If this angers you, you can try to vote this Government out at the next election. With the repealing of the Fixed Term Parliament Act, unfortunately, that will be at a time of the Prime Minister’s choosing. Even if the purpose of that Act was, in part, precisely to deny governments that luxury.  

When the Elections Bill is enacted, you’ll need to show a photo ID if you want to vote, even though there is no evidence that voter fraud is a significant issue. The Government’s own analysis suggests this could effectively disenfranchise over two million people, with a disproportionate effect on black, Asian and ethnic minority voters. 

Another clause in the elections bill would give the Government significant power to control the remit of the Electoral Commission. Whatever that means in practice, it is hard to think of a clearer example of a body which, in a healthy democracy, should be fully independent from government.   

This bill will also introduce the First Past the Post system for mayoral elections in England, replacing the more proportional Supplementary Vote system and making it easier in many cases for Conservative candidates to win.

Be thankful you’re not an asylum seeker.
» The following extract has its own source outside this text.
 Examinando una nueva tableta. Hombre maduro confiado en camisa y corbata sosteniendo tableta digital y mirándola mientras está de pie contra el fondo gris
If you were, and the Nationality and Borders Bill is enacted in its current form, you could in theory find yourself on a boat that capsizes after being towed back out to sea by British officials. Or you could be removed to a “safe” third country while your application is processed, despite the reports of abuse and inhumane treatment in similar third-country processing centres used by Australia.   

Under the same legislation, if you’re a British citizen born overseas or a dual national, you could be stripped of your citizenship. That isn’t new in itself, but the new law would lessen the burden of requirement on the Government even to tell you the bad news.  

The same bill provides an opportunity for the Government to put right an ongoing anomaly – that EU nationals granted settled status in the UK are given no physical proof by the Government. It puts their jobs at risk, they lose out on rental opportunities, they can even have trouble travelling in and out of the UK. When the bill is discussed in the Lords in January, the Government needs to make good on its repeated assertion that it is looking into the issue, by committing in the legislation to report back to Parliament.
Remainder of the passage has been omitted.